A resolução dedica o ponto 37 à pauta trabalhista. “Reconhecemos a importância de criar empregos de qualidade e promover o trabalho digno para todos a fim de alcançar a inclusão social”, assinala o documento. De posse das propostas do GT Emprego e do G20 Social, os líderes do G20 se comprometeram com seis diretrizes nessa área. O “DNA” do sindicalismo aparece particularmente no eixo “promover o diálogo social e a negociação coletiva”.

A luta por mais direitos e garantias aos trabalhadores é outro pilar. O G20 cobra a efetividade da Declaração da OIT sobre Princípios e Direitos Fundamentais no Trabalho, “empoderando os trabalhadores e erradicando o trabalho forçado, acabando com a escravidão moderna e o tráfico de pessoas, bem como eliminando todas as formas de trabalho infantil”.

O documento defende também melhores condições de trabalho, de modo a garantir “segurança e saúde ocupacional e acesso a proteção social adequada para todos os trabalhadores”. Além disso, num mundo às voltas com a 4ª Revolução Industrial, há um apelo por “uma transição justa em todos os setores”.

Duas diretrizes reforçam o compromisso geral de combater desigualdades. Uma delas afirma que os países devem “superar as divisões digitais e priorizar a inclusão de pessoas em situações de vulnerabilidade”. A outra deliberação critica abertamente “normas sociais e culturais discriminatórias, bem como barreiras legais” que prejudicam especialmente as mulheres.

Equidade de gênero

As demandas das mulheres trabalhadoras são aprofundadas no ponto 32, que incorpora propostas do GT de Empoderamento das Mulheres. Um dos chamamentos é à ampla e qualificada inclusão feminina no mundo do trabalho: “Encorajamos o desenvolvimento liderado por mulheres e promoveremos a participação e a liderança plenas, equitativas, eficazes e significativas das mulheres em todos os setores e em todos os níveis da economia, o que é crucial para o crescimento do PIB global”.

A Cúpula do G20 se inspirou no exemplo do país anfitrião, o Brasil, que, em 2023, editou a Lei da Igualdade Salarial. Poucos assuntos mereceram tanta atenção na Declaração do Rio de Janeiro, com seu “total compromisso com a igualdade de gênero”. Ministros do Trabalho ou do Emprego são incitados a “estabelecer novos compromissos do G20 para o período pós-2025, em especial no que diz respeito à redução da desigualdade salarial de gênero”.

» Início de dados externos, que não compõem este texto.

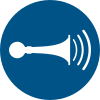 Signal ISO 7010 M029: Actionner l’avertisseur sonore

Pela primeira vez, o G20 cita a chamada “economia do cuidado”, um segmento predominantemente feminino. “Nós nos comprometemos a promover a igualdade de gênero no trabalho de cuidado remunerado e não remunerado para garantir a participação igualitária, plena e significativa das mulheres na economia, promovendo a corresponsabilidade social e de gênero, encorajando e facilitando o envolvimento igualitário de homens e meninos no trabalho de cuidado e desafiando as normas de gênero que impedem a distribuição equitativa e a redistribuição das responsabilidades de cuidado”.

No ponto que trata de Educação, a Cúpula do G20 exalta os professores. Conforme o texto, vive-se hoje a “escassez global” de trabalhadores docentes, que tem de ser revertida: “Políticas de desenvolvimento profissional capazes de qualificar e reter professores, além de estimular o interesse de professores no início da carreira, tornaram-se um componente essencial do desafio multidimensional de preparar nossas sociedades para o futuro”.

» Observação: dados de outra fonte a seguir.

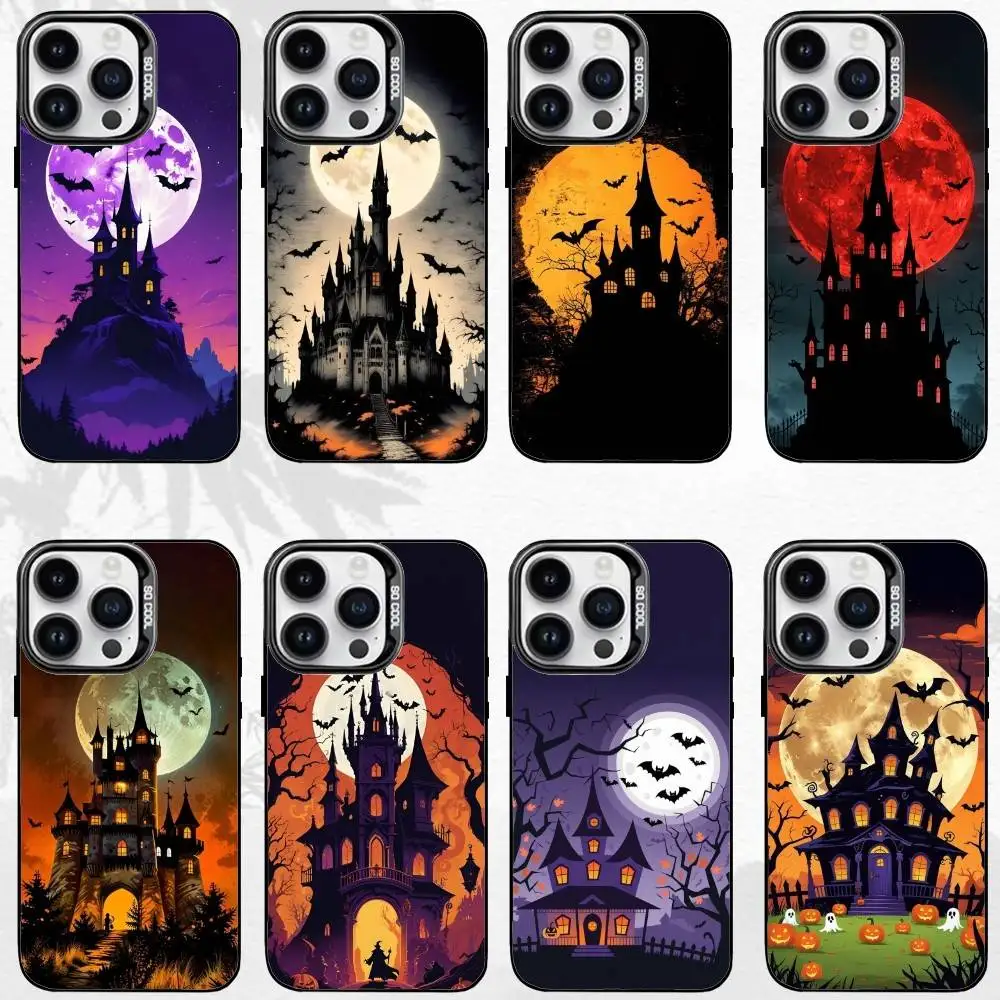 

C-Castle halloween Phone Case For iPhone17,16,15,14,13,12,11 Plus,Pro Max Black Matte Shockproof Cover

É com o olho nesse futuro que o G20, ora presidido pelo Brasil, aprovou o mais detalhado documento de sua história que aborda, direta e indiretamente, o mundo do trabalho. “Agradecemos ao Brasil por sua liderança este ano e esperamos trabalhar juntos em 2025 sob a presidência da África do Sul e nos encontrar novamente nos Estados Unidos em 2026”, conclui a Declaração de Líderes do Rio de Janeiro.